Portland, Maine arts
The town of Portland, Maine really is an up-and-coming art community that has experienced its fair share of economic insecurities. Since I moved to the east coast in 1986, I have watched galleries open and then close. As the area has become less a seasonal destination, more stability has become inherent to some businesses. Art is one though that truly relies on the best economic environment.
I was in Maine to meet a friend for dinner, and I really wanted to stop at the museum in Portland and possibly hit a few galleries before wandering south to the mall.
The Portland Museum does a nice job for a small space (relative to, let’s say, the Boston Museum of Fine Arts). Along with Picasso, Braque and Cassatt, a decent collection from the Ash Can School which are in their permanent collection, they also deliver some rather respectable traveling exhibits. “John Marin” was no exception. And, I have taken a few hints from what I learned from his early-1930’s work and applied them to pieces like “Graphix”.
Alfred Stieglitz assembled a group of artists and sent them to Maine from New York to work in a few locations on the coast of Maine. Marin’s works developed a sense of greater non-representational characteristics as he worked in Maine in 1933. Steiglitz was fonder of Marin’s watercolors than his oils, as was I, though watercolor at the time was regarded as a medium to be strictly used for sketches.

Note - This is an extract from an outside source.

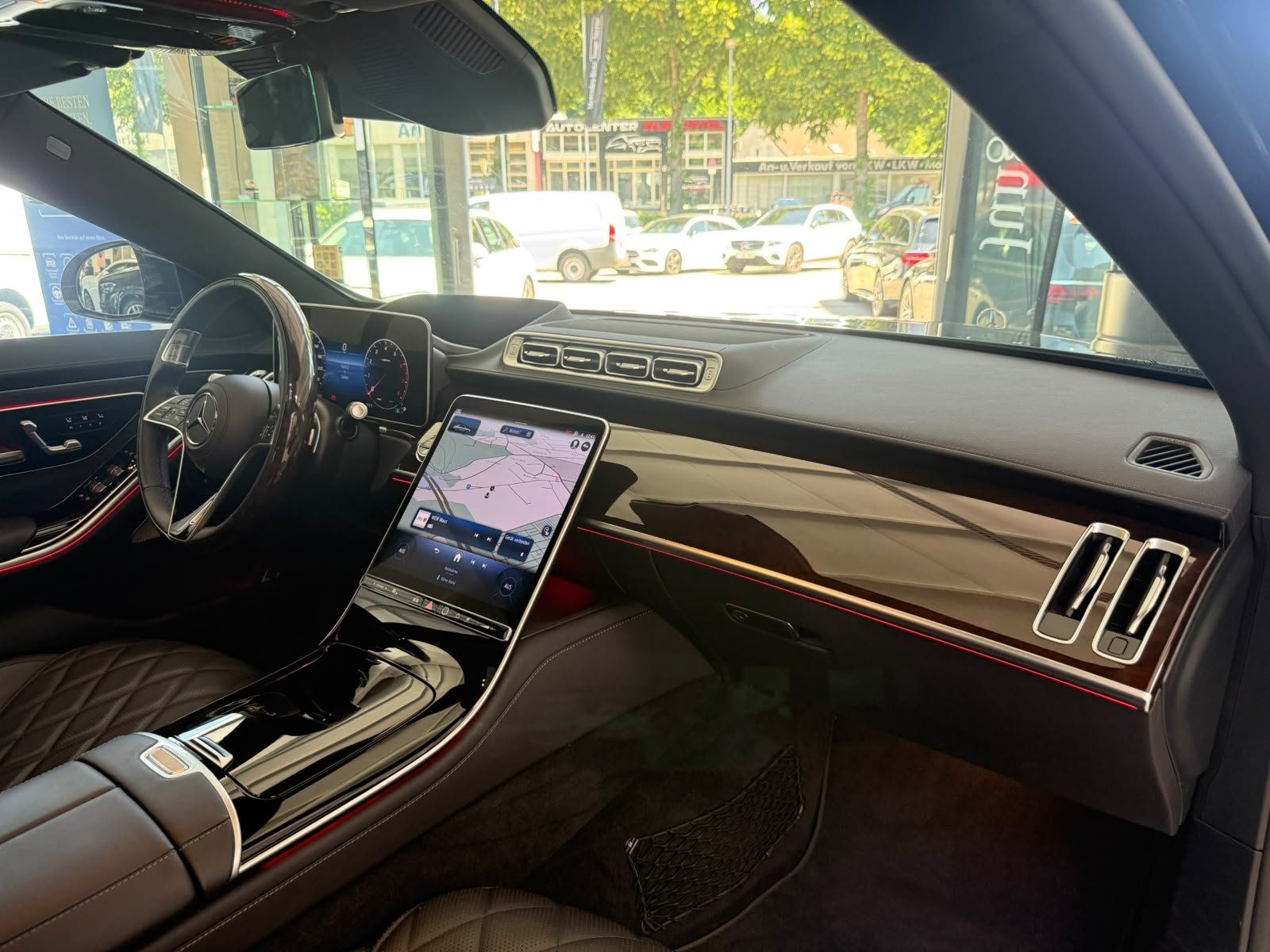 Fahrzeugabbildung Mercedes-Benz S 450 4M L AMG DRIVEPILOT+EXECUTIVE+AIRMATIC+HUD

Taking that bit of information and inspiration, which it certainly was, I wandered across the square and down the street to Fore River Gallery. And, since this research now has a dual-purpose, I apologize that I did not take more concrete notes about the work and conversation that I had with Mike Marks, the co-director of Fore River. He told me that the present show is retrospective for himself and his wife who own the gallery, and that they represent regional emerging artists, as well. The work represented was beautifully executed and I was impressed that the jewelry was displayed in a way that it looked more like small mixed-media pieces than necklaces.
I asked him about the seasonality of his business and he told me that there really isn’t a great connection between the weather and the business. He said that the First Friday Artwalk is very busy, and that weather also plays little into that traffic amount.
I left him with my card, and a promise to send him a CD when I get more of the “Art in Small Places” work ready to show.
I strolled down Congress from there. The art school had a show up that I breezed through. Though well-reviewed, I have seen too much like it, done more eloquently, in larger venues. Let’s face it folks, found objects, everyday stuff elevated to art…been there, done that.
My overall impressions are that I need to go back and dig more deeply into the pulse in Portland. It is there, and it does beat.